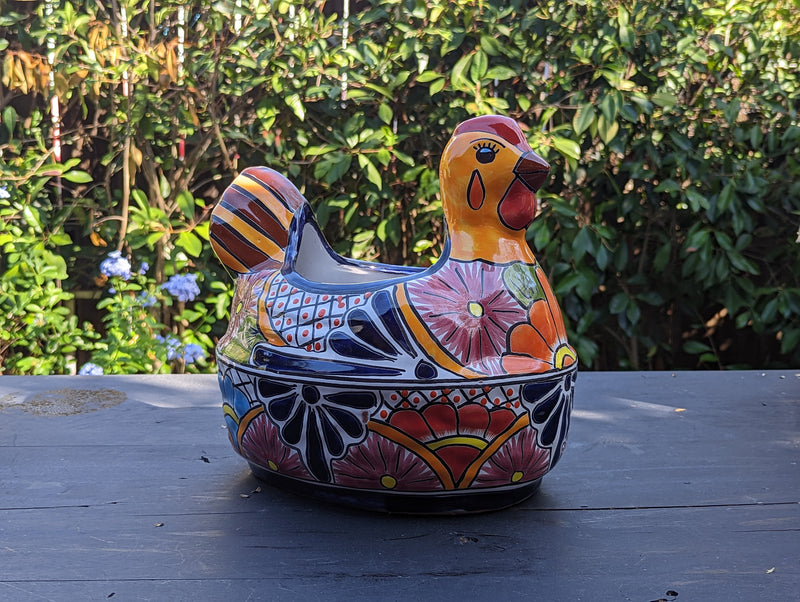 Talavera Chicken Flower Pot, Talavera Planter, Handmade Planter, Outdoor Or Indoor Flower Pot, Colorful Ceramic Mexican Garden Decor, Medium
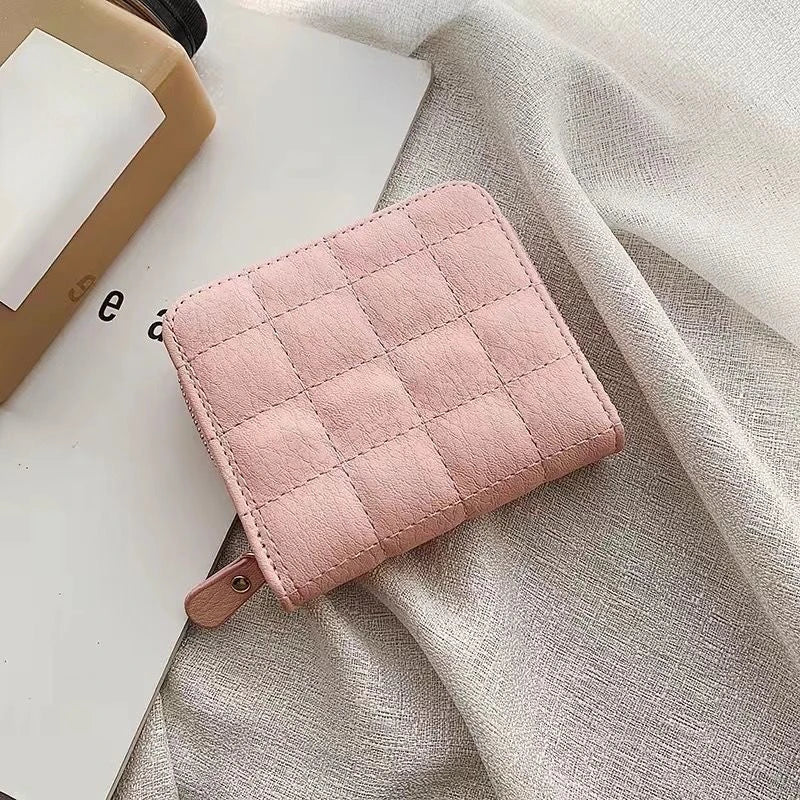 New Women Small Wallet Ladies Mini Solid Wallet Cute Girl Short Zipper Pu Leather Coin Purse Female Hand Wallet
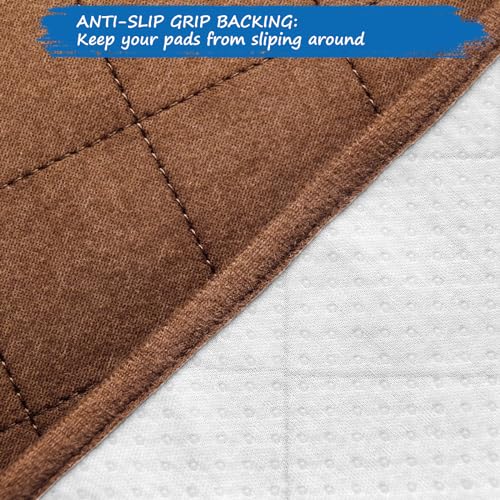 Waterproof Chair Pads for Incontinence Washable, 22\" x 21\" Under Pads for Adults Washable, 2 Pack Incontinence Chair Pads, Wheelchair Reusable Seat Pads Cover for Men, Women, Adults, Brown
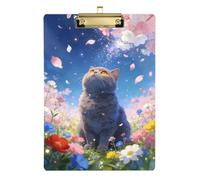 Cute Cat in Garden clipboard Folio Waterproof for First Year Teacher Must Haves Size 9 x 12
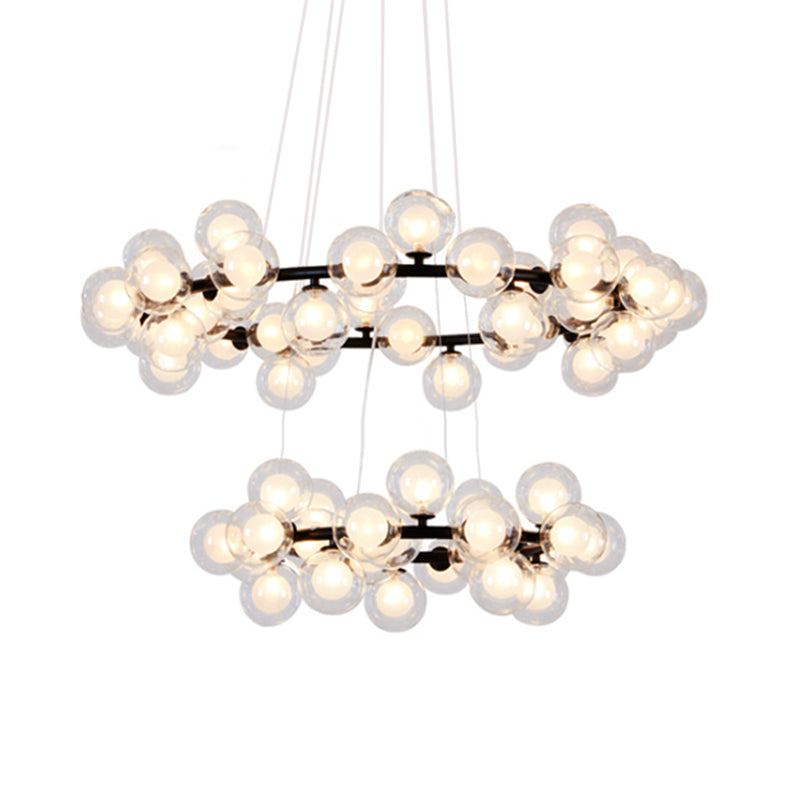 Lámpara de araña de burbujas Lámpara de vidrio transparente contemporáneo 2/3 niveles Lámpara de colgación de acabado negro con anillo de metal para sala de estar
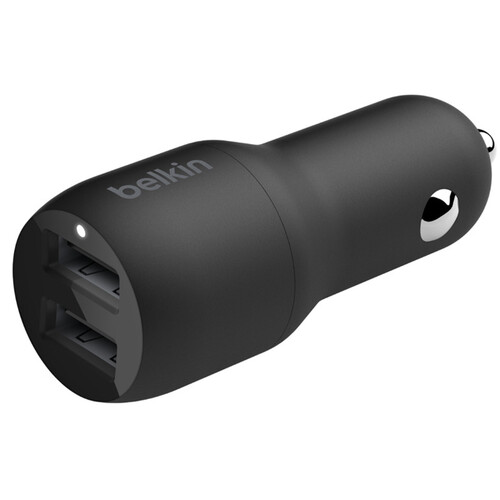 Belkin Car Charger 24W 2xUSB-A, cable USB-A > USB-C 1m, black - 2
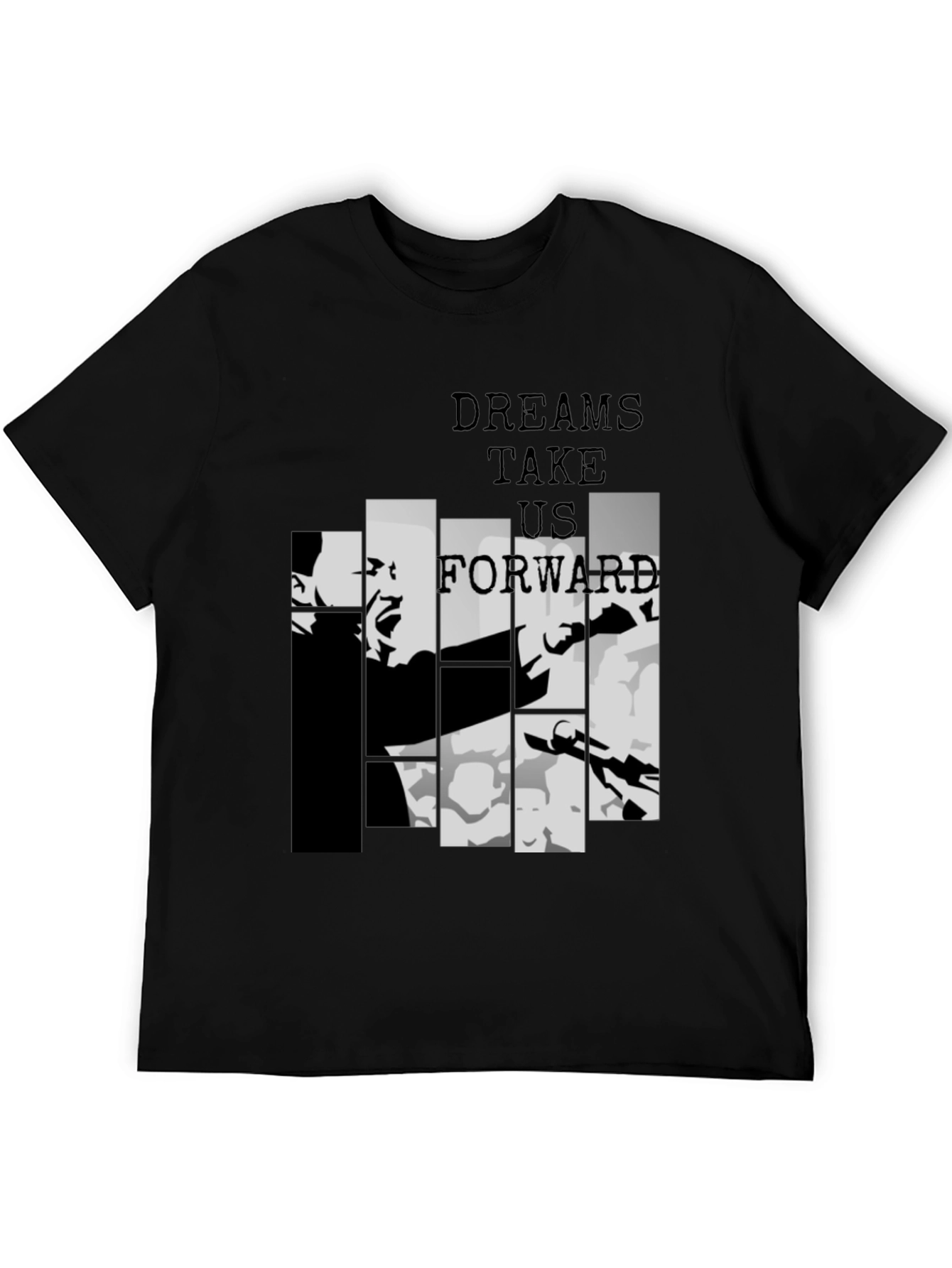 Dreams Take Us Forward Black Graphic Tee - 5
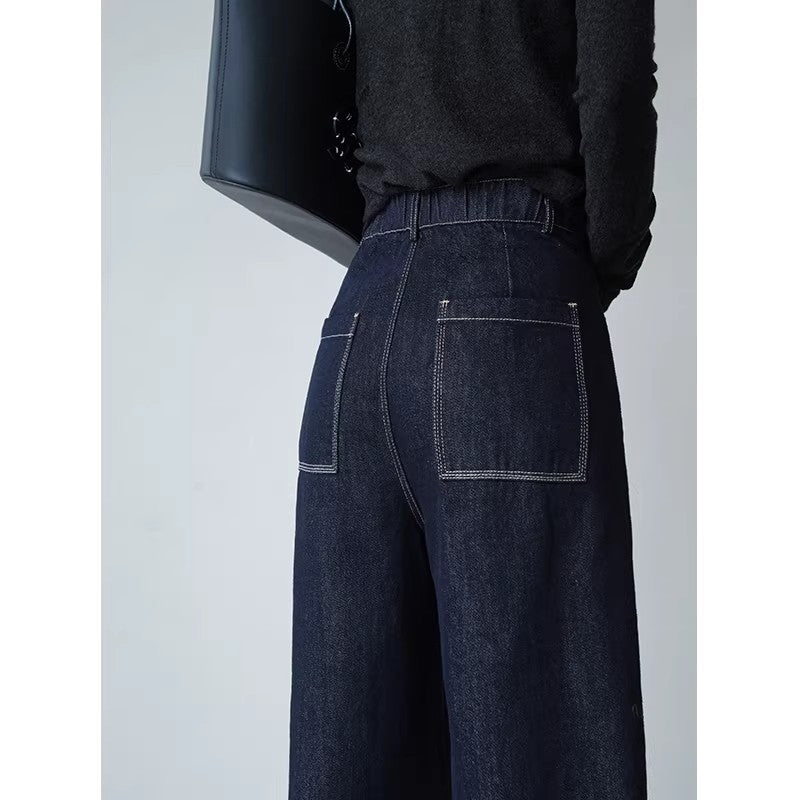 Damen Weite Jeans mit hohem Bund Nord Taschen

Problem » All of the data above needs to be retyped exactly, with the pictures removed.

Output of the exercise »
 Talavera Chicken Flower Pot, Talavera Planter, Handmade Planter, Outdoor Or Indoor Flower Pot, Colorful Ceramic Mexican Garden Decor, Medium
 New Women Small Wallet Ladies Mini Solid Wallet Cute Girl Short Zipper Pu Leather Coin Purse Female Hand Wallet
 Waterproof Chair Pads for Incontinence Washable, 22\" x 21\" Under Pads for Adults Washable, 2 Pack Incontinence Chair Pads, Wheelchair Reusable Seat Pads Cover for Men, Women, Adults, Brown
 Cute Cat in Garden clipboard Folio Waterproof for First Year Teacher Must Haves Size 9 x 12
 Lámpara de araña de burbujas Lámpara de vidrio transparente contemporáneo 2/3 niveles Lámpara de colgación de acabado negro con anillo de metal para sala de estar
 Belkin Car Charger 24W 2xUSB-A, cable USB-A > USB-C 1m, black - 2
 Dreams Take Us Forward Black Graphic Tee - 5
 Damen Weite Jeans mit hohem Bund Nord Taschen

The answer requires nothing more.